LINSTOR basically takes their DRBD product and adds automation on top of it to work with anything - it provides a REST API, a reasonable CLI, and integration with both a Docker driver and a CSI driver for Kubernetes. It’s got a pretty simple architecture of a controller which tell satellite boxes what to do. What’s nice is you don’t have to have storage on the nodes - you can mount any of the resources remotely over the network only.

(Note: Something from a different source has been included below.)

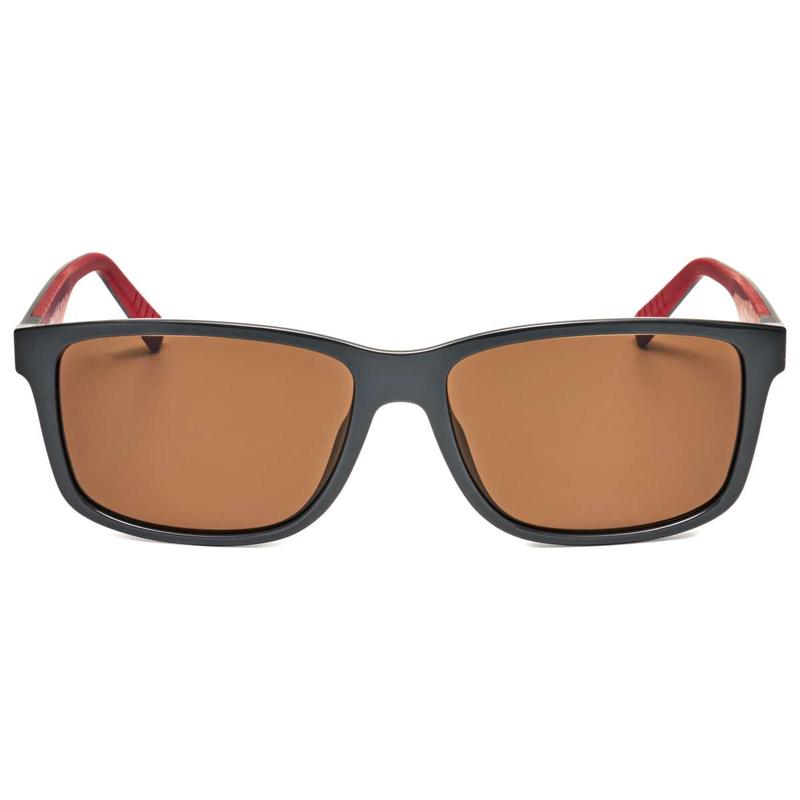 Ferragamo男士商务修身UV防护mm宽幅太阳镜高清大图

I ran through the installation, cleaned off the data drive, and added it to the pool. Everything looked great - until I tried to create a volume with Docker. It wouldn’t work. But this was again self-inflicted wounds as a result of me not paying attention to the warning that the node name I gave it didn’t match the host name. This was because I was using WireGuard tunnels between the nodes, and had used those hostnames as the node references. The correct way to do this was to add the node with the actual node hostname, and the desired IP address to be used as an additional parameter.

Once that was done, we were in business. I moved the Commento DB to a volume, which worked great. I then tried to move a MongDB volume and kept getting strange errors such as:

Error message:        Invalid name: Name length 64 is greater than maximum length 48

Error context:
    The specified resource name '9f54e6561fe90a90b34331f5b988a9a2f42f5ccbf2ef8d99e65f0e58b74a6bd4' is invalid.

Which… I have no idea what caused that. I did, however, find a solution. I tested the same volume using a different container image (ubuntu:latest) and it mounted and came up just fine. So it was something unique to the container. I brought up a new empty container, exported and re-imported it so that it would flatten, and it works just fine with that image. No idea why, but not my problem right now. :) I fought with that for 2 days, so I hope to not have to revisit that any time soon.

The only other problem is that if the controller is rebooted, the satellites need to be restarted for it to pick up on their state for some reason. This might be because of my WireGuard settings, and I will be adding keepalive there and seeing if that makes this go away.

Additionally, shared (RWX) storage is left to the user to implement via a gateway. For now I may just manually sync the nodes for this part. One problem at a time. :)

So for now, I’m mostly happy with LINSTOR, appreciate it being fully open source, and with a foundation that’s been around a long time, and works.